Re: Odd corruption issue reported on dba.stackexchange.com, need advice

From: Tom Lane <tgl(at)sss(dot)pgh(dot)pa(dot)us>
To: Scott Marlowe <scott(dot)marlowe(at)gmail(dot)com>
Cc: Craig Ringer <ringerc(at)ringerc(dot)id(dot)au>, Marcin Mańk <marcin(dot)mank(at)gmail(dot)com>, Jeff Davis <pgsql(at)j-davis(dot)com>, "pgsql-general(at)postgresql(dot)org" <pgsql-general(at)postgresql(dot)org>
Subject: Re: Odd corruption issue reported on dba.stackexchange.com, need advice
Date: 2012-07-24 14:45:16
Message-ID: 21697.1343141116@sss.pgh.pa.us
Views: Raw Message | Whole Thread | Download mbox | Resend email
Thread:
Lists: pgsql-general

Scott Marlowe <scott(dot)marlowe(at)gmail(dot)com> writes:
> On Tue, Jul 24, 2012 at 7:48 AM, Craig Ringer <ringerc(at)ringerc(dot)id(dot)au> wrote:
>>> # if that still not helps, use the big hammer
>>> if (-f $info{'pgdata'}.'/postmaster.pid') {
>>> print "(does not shutdown, killing the process)";
>>> $pid = get_running_pid $info{'pgdata'}.'/postmaster.pid';
>>> kill (9, $pid) if $pid;
>>> unlink $info{'pgdata'}.'/postmaster.pid';
>>> $result = 0;
>>> }

>> Could the "big hammer mode" be what's killed the database?

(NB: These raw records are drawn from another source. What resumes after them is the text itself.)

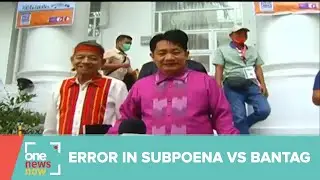 Error in subpoena impedes prelim investigation into Lapid slay; reset to another date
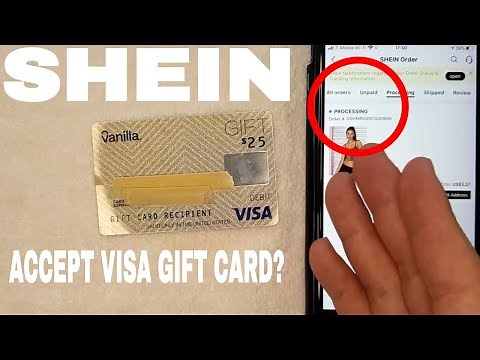 ✅ Does SHEIN Accept Take Visa Gift Cards? 🔴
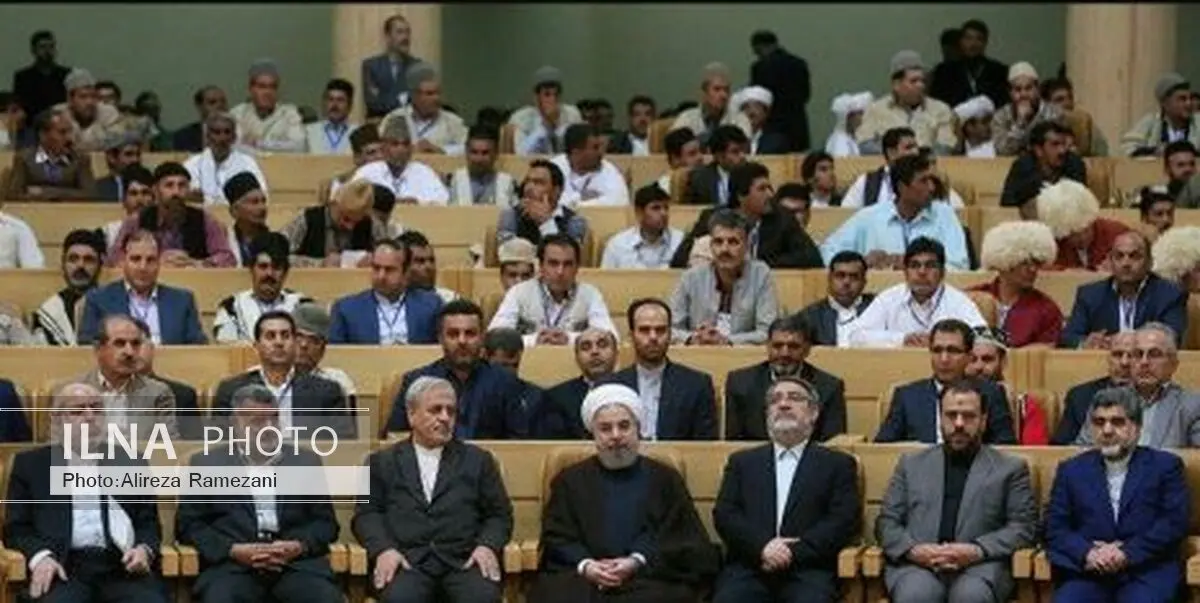 همایش روز ملی روستا با حضور رئیس‌جمهور و هیات‌های روستایی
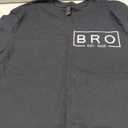Mens Bro Est 2025 First Time Bro Funny Father's Day T-Shirt Size Medium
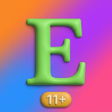 程序图标：11+ English Practice Pape…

> Yes PG should theoretically survive be able to survive anything as
> long as fsync is being properly honored.

I will tell you what is horridly, horridly dangerous and stupid about
that script, and it's not the kill -9 on the postmaster. It's the
forced unlink on the postmaster.pid file, which (a) is entirely
unnecessary, and (b) defeats the safety interlock against starting
a new postmaster before all the old backends have flushed out.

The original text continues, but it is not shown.